My issue (well, one of them) is that I eat quite a lot. The reason I eat most of the time is because I am emotionally tied to my food. Every time I bite into something it reminds me of a certain place in time. It is definitely a blessing and I need to make it be not a curse. It is something I have to work on transforming.
As soon as I bit into this beautiful Whole Melt Extracts Live Resin Chocolate Chiffon Cake I was taken back to the French Market in Disneyland. French Market has always been my favorite restaurant in Disneyland since I was a kid. I always loved the New Orleans Square setting, the buffeteria style food, the classy tables, and the lively jazz band. When you are there you feel absolutely at peace with the world, with the nice outside air and the happy people. You can see the beautiful french style buildings around you, the clear blue lake with the Mark Twain next to you, and the Haunted Mansion right in front of you. It is so very aesthetic. The band plays New Orleans jazz and it absolutely compliments the food, making it even more lively. Even if the band isn’t playing you can hear the murmur of people all over the park enjoying themselves. Before you even walk in the door you can smell the aroma of fresh clam chowder and fried chicken. What I immediately zap into when I taste this cake is that moment when I bite into the dessert. Ever since I was little I have been getting their chocolate cake. They have these great chocolate cakes with pictures of the characters on the front.

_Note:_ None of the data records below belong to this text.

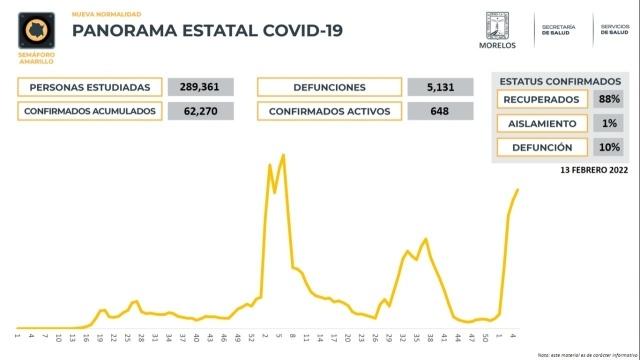 En Morelos, 62,270 casos confirmados acumulados de covid-19 y 5,131 decesos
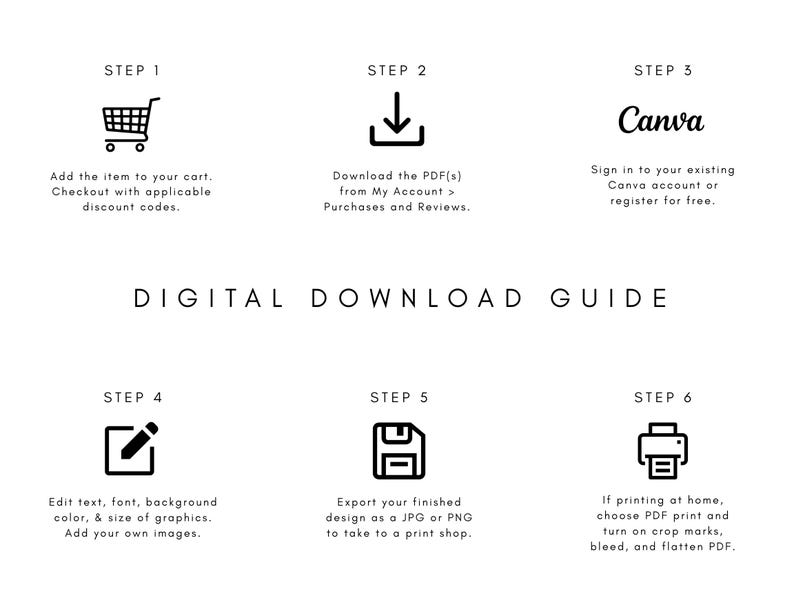May include: A digital download guide with a white background and black text. The guide includes six steps with icons and instructions for downloading and editing a design. The steps include adding an item to a cart, downloading a PDF, and using Canva.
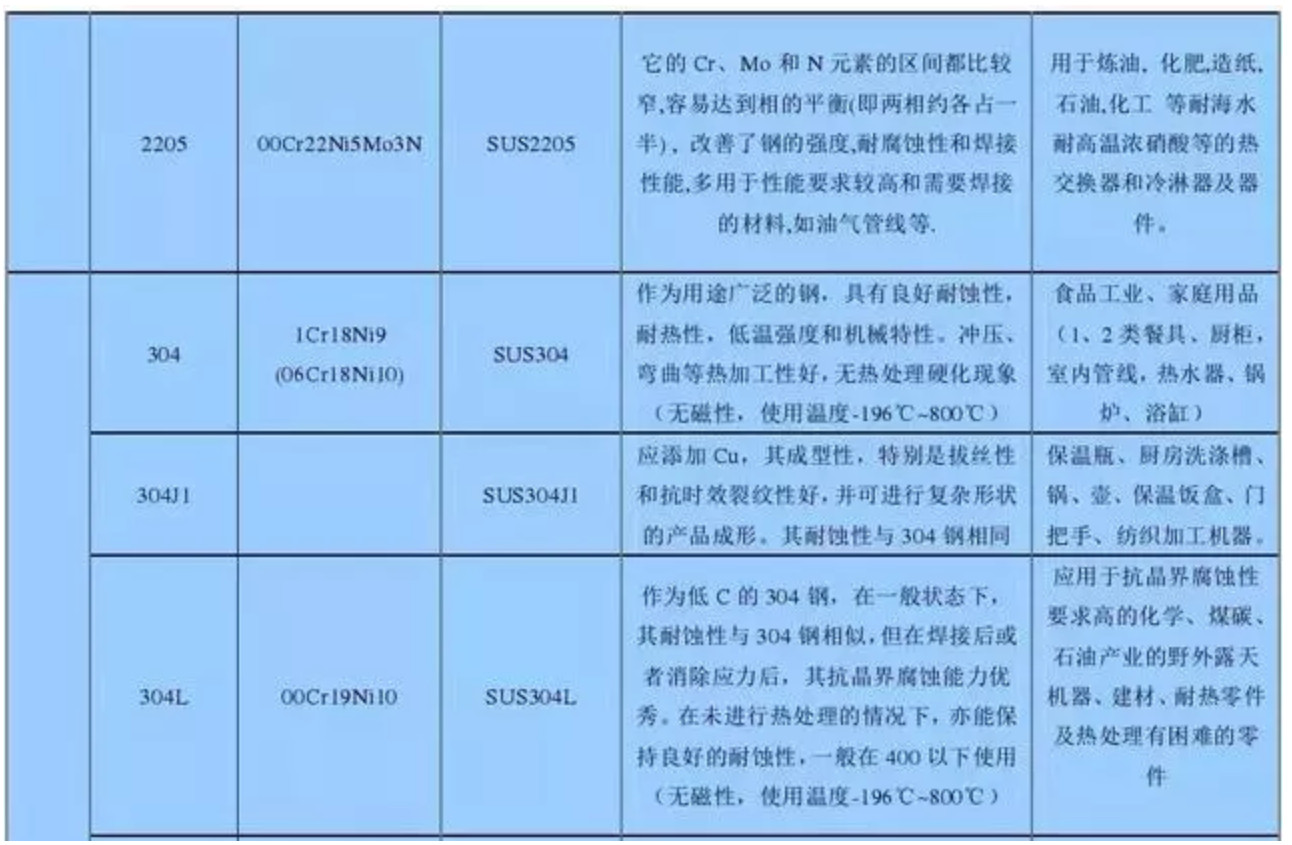 无锡不锈钢板价格,201不锈钢,无锡不锈钢,304不锈钢板,321不锈钢板,316L不锈钢板,无锡不锈钢板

There is nothing like that cake and all the memories of the moments I have in that one spot. That is why I will always make this lightly rich chocolate chiffon. It is always yummy. Next time I go to the French Market you better bet I will be in the same table upfront with my little chocolate cake…..feel free to say hi…..
Here’s the recipe to send you back to your own memories….I hope you enjoy it.*
Ingredients: 1/2 cup baking cocoa, 1/2 cup of baking soda, 3/4 cup very hot water, 1 and 3/4 cup of cake flour, 1/4 tsp cream of tarter, 7 eggs separated, 1 tsp salt, 1/2 cup sugar, 1 and 1/4 cup of Splenda, 1/2 cup vegetable oil, and 2 tsp vanilla extract.
Ingredients for Icing: 1/3 cup of butter, 2 cups of confectioners’ sugar, chopped pecans, 3 to 4 tbs hot water, 2 squares unsweetened chocolate melted and cooled, and 1 and 1/2 tsp vanilla extract.
1) Eggs should stand at room temperature for about 30 minutes. In a large bowl, put together the cocoa and water. Stir until it is smooth in texture. Cool for about 30 minutes. In another large mixing bowl the flour, sugars, baking soda, and salt go together. In a small bowl, whisk together the egg yolks, oil and vanilla. Then add the dry ingredients along with the cocoa mixture. Beat with a mixer until blended. In another bowl beat egg whites and cream of tarter (with clean beaters) until stiff peaks form. Slowly fold into the mixture.
2) Carefully put batter into an ungreased 9.75 inch tube pan. Cut through batter (with knife) to remove air pockets. Bake on the lowest rack at 325 degrees for 60 minutes or until top springs back when touched. Immediately invert pan and cool on wire rack. Run a knife around sides and center of tube pan. Invert cake onto a serving platter.